The article discusses optimizing the performance of AI models on GPUs, particularly the NVIDIA H100 GPU. It covers various techniques and hardware features that can be leveraged to maximize GPU utilization, including:

๐Ÿ™‹ Q&A

[01] What's in an H100?

1. What are the key hardware components of the NVIDIA H100 GPU?

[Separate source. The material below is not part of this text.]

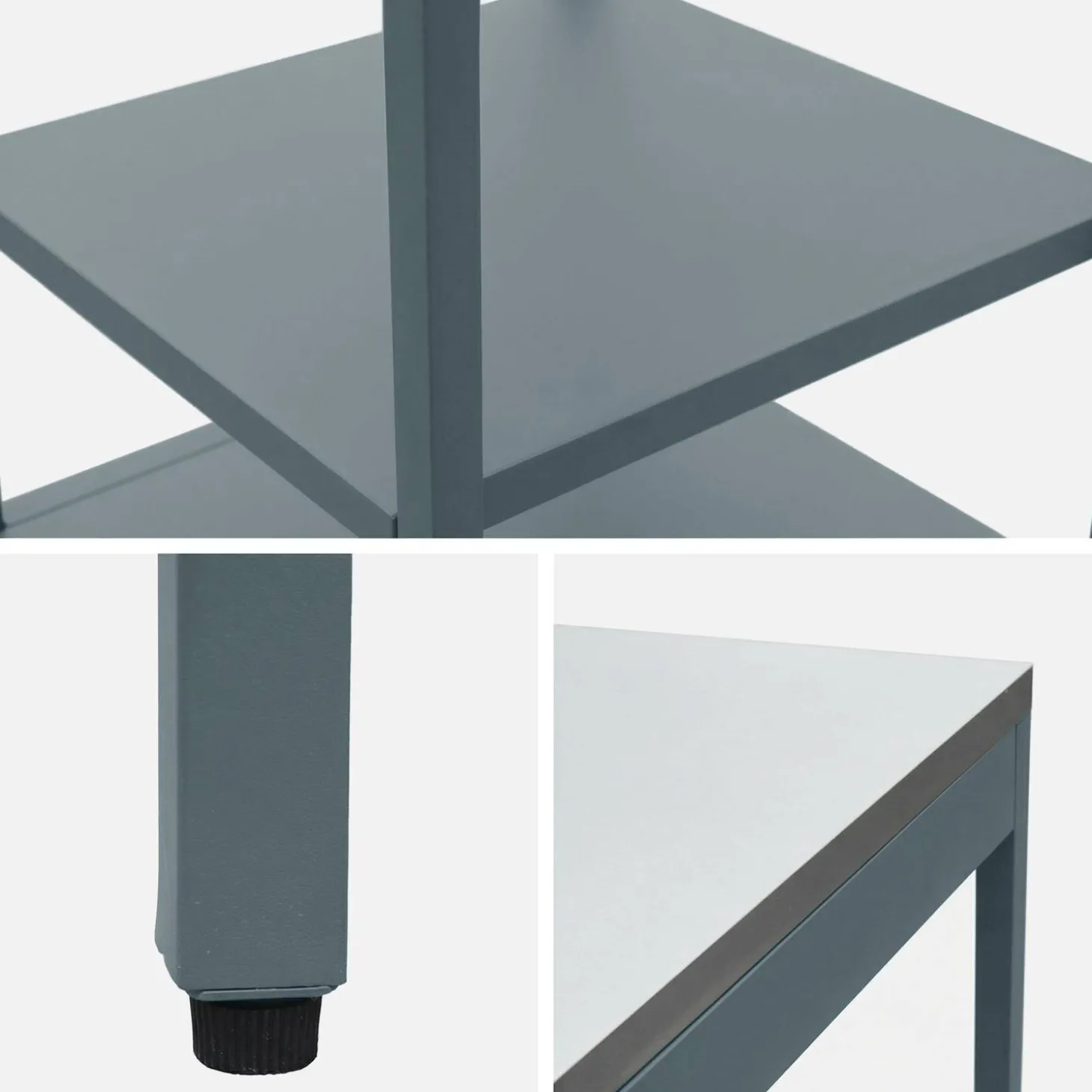 Cocina de exterior de acero con 2 estantes, 49cm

  • 80 GB of HBM3 memory with 3 TB/s of bandwidth
  • 50 MB of L2 cache with 12 TB/s of bandwidth
  • 132 streaming multiprocessors (SMs), each with:
    • Up to 227 KB of shared memory within a 256 KB L1 cache
    • A tensor memory accelerator (TMA) for asynchronous address generation and memory fetching
    • 4 quadrants, each with a warp scheduler, 512 vector registers, a tensor core, and parallel math instructions

[02] How to make the H100 "go brr"?

1. What is the key to maximizing utilization of the H100 GPU? The key is to keep the tensor cores fed, as they provide 94% of the GPU's peak performance. This requires addressing several hardware quirks:

  • Using the new "warp group matrix multiply accumulate" (WGMMA) instructions, which allow asynchronous matrix multiplies from shared memory
  • Carefully managing shared memory to avoid bank conflicts
  • Leveraging the Tensor Memory Accelerator (TMA) to offload address generation
  • Maintaining high occupancy to hide latencies and inefficiencies

2. How does the ThunderKittens DSL help address these challenges? ThunderKittens is an embedded CUDA DSL that provides abstractions like register tiles, shared memory tiles, and operations to manipulate them. This simplifies the implementation of complex kernels like Flash Attention, allowing the full capabilities of the H100 to be extracted in a concise codebase.

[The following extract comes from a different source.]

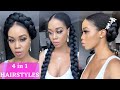 🔥4 QUICK & EASY JUMBO BRAID PIGTAIL HAIRSTYLES Using Braiding Hair On Natural Hair /Tupo1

[03] Philosophical Reflections

1. How has the understanding of GPU hardware influenced the authors' views on AI design? The authors believe that AI should be designed around what maps well to the hardware. This includes using register tiles as the fundamental unit of computation, rather than individual words or vectors. They argue that the hardware "wants" this level of granularity, and that AI should be reoriented to match the capabilities of modern GPUs.

2. What are the authors' plans for expanding ThunderKittens to other hardware? The authors mention that they are working on bringing ThunderKittens to AMD hardware as well, indicating that the principles and techniques developed for the H100 can be applied more broadly to optimize AI performance on different GPU architectures.